TASK: Report all lines in the records that hold the string "Wall".

EXCERPTED RECORDS:

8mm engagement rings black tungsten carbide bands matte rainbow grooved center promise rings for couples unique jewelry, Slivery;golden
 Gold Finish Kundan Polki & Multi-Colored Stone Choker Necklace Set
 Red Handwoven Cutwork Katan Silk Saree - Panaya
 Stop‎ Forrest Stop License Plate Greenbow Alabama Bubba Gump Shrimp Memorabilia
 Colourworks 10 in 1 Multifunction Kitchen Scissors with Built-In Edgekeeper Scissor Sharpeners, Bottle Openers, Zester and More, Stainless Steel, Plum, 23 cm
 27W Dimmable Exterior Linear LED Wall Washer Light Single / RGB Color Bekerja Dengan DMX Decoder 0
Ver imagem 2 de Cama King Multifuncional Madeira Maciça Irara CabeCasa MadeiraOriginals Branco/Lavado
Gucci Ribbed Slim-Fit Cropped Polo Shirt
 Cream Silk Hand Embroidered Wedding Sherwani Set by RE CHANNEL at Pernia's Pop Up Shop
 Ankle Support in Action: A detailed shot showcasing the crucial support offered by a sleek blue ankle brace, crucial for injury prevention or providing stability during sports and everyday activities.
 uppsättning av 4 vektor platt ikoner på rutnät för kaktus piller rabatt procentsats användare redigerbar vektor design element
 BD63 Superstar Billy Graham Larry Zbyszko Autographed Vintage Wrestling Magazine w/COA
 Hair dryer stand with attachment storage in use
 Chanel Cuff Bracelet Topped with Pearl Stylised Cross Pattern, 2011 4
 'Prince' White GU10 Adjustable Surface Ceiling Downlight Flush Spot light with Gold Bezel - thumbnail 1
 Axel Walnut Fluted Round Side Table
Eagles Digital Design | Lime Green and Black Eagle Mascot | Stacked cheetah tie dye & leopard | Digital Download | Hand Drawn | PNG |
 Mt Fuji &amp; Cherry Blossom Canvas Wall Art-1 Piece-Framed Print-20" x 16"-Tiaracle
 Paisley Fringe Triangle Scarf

PROBLEM SOLUTION:
 27W Dimmable Exterior Linear LED Wall Washer Light Single / RGB Color Bekerja Dengan DMX Decoder 0
 Mt Fuji &amp; Cherry Blossom Canvas Wall Art-1 Piece-Framed Print-20" x 16"-Tiaracle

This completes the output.